You can find an example at scripts/sbatch.sh
.
We can run this script using sbatch scripts/sbatch.sh
!
You can check squeue
for a status regarding your job.
(/home/jsetpal/.conda/envs/cent7/2020.11-py38/llm-finetuning) jsetpal@gilbreth-fe02:~ $ squeue
JOBID USER ACCOUNT NAME NODES CPUS TIME_LIMIT ST TIME
000001 jsetpal gpu sbatch.sh 1 1 4:00:00 R 0:10
000002 jsetpal gpu sbatch.sh 1 1 4:00:00 PD 0:00
Here, the first job is running, while the second is pending (awaiting free resources).
On gilbreth, you can check the available resources per account using qlist
:
jsetpal@gilbreth-fe02:~/.local/bin $ qlist
Current Number of GPUs Node
Account Total Queue Run Free Max Walltime Type
============== ================================= ============== ======
debug 182 1 4 178 00:30:00 B,D,E,F,G,H,I
mlp-n 1 0 0 1 14-00:00:00 N
standby 230 1038 94 72 04:00:00 B,D,E,F,G,H,I,K
You can use srun
to log into your currently running jobs as well:
srun --jobid=000001 --pty /usr/bin/bash -i
You can cancel a queued or running job using scancel <jobid>
.
Crucially, this is a non-interactive training setup. This means you can update constants, and rerun training setups without worrying about having your local machine on during these runs.

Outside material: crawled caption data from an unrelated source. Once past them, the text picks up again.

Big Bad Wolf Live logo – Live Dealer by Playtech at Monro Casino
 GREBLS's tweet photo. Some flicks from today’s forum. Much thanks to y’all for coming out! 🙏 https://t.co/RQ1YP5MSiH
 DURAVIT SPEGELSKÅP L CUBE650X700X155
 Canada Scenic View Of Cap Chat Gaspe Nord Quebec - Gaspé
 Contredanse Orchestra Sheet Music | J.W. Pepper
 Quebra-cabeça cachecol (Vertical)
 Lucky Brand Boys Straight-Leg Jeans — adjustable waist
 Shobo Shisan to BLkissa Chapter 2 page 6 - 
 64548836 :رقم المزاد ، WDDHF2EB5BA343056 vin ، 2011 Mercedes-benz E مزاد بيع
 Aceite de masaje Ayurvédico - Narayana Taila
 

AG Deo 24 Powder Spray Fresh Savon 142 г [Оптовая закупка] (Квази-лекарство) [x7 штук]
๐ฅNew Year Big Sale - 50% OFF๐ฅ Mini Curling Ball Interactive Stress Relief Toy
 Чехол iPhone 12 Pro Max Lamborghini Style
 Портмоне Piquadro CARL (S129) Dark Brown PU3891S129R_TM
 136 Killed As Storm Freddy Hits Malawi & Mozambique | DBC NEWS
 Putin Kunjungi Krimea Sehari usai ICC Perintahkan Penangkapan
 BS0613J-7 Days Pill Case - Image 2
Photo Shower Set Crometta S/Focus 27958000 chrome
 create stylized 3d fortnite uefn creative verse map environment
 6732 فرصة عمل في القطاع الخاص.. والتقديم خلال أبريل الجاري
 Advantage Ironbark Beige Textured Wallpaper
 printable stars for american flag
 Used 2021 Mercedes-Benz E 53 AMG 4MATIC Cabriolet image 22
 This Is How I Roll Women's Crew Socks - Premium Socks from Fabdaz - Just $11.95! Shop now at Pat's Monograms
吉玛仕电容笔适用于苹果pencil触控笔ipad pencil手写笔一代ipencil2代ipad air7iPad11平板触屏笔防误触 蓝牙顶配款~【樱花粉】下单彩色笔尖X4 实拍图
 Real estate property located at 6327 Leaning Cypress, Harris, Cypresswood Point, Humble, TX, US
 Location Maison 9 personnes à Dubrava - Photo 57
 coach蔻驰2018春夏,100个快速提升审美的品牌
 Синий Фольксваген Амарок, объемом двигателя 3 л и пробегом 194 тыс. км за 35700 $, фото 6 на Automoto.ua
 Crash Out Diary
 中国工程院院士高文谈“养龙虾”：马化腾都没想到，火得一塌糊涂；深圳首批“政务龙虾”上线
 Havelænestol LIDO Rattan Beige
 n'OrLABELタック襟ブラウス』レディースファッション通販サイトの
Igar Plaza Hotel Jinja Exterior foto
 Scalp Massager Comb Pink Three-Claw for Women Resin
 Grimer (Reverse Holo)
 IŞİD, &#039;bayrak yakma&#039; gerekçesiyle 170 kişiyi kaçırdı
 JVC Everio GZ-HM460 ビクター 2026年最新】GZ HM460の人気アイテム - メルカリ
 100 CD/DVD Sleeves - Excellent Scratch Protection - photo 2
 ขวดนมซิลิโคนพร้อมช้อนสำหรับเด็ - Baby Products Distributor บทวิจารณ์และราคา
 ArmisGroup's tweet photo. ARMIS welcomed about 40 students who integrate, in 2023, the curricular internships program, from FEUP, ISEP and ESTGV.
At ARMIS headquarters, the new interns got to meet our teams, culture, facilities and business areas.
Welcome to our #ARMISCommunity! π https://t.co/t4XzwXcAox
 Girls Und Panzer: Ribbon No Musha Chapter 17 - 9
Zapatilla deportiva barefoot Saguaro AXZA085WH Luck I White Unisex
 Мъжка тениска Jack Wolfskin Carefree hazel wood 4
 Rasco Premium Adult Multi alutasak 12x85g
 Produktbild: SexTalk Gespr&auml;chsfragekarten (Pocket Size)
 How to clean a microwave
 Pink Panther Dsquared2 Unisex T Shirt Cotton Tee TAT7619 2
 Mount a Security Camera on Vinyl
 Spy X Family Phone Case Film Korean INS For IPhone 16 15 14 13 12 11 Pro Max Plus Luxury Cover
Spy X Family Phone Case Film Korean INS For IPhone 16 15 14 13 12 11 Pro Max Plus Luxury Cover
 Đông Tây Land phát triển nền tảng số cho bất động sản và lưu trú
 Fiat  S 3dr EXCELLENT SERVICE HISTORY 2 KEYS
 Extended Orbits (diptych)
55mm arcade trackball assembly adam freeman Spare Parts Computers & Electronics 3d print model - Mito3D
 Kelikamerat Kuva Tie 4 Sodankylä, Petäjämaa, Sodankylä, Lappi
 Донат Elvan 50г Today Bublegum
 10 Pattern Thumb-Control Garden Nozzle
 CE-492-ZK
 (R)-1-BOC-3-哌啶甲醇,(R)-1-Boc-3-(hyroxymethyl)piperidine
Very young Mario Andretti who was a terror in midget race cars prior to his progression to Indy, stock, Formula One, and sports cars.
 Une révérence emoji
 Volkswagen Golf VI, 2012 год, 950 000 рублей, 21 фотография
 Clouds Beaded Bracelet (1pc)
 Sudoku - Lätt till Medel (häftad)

While it is possible to port forward Jupyter Notebooks and use them for training, it's not recommended practice because it lacks reproduciblity.
Instead, it is recommended to use module-driven development, using:
- Cookiecutter Data Science for package-based structure for machine learning code.
- DVC for data versioning and pipelining. This does not work out-of-the-box; install
dvc==3.48.1
and runcurl https://gist.githubusercontent.com/jinensetpal/50ec16ff9a4d19ab7beb72c72254c248/raw/c667a4df0e20411c11386695bf1e051e1118c522/parser.py > $CONDA_PREFIX/lib/python3.11/site-packages/dvc/cli/parser.py
for a quick fix! - MLFlow for experiment tracking.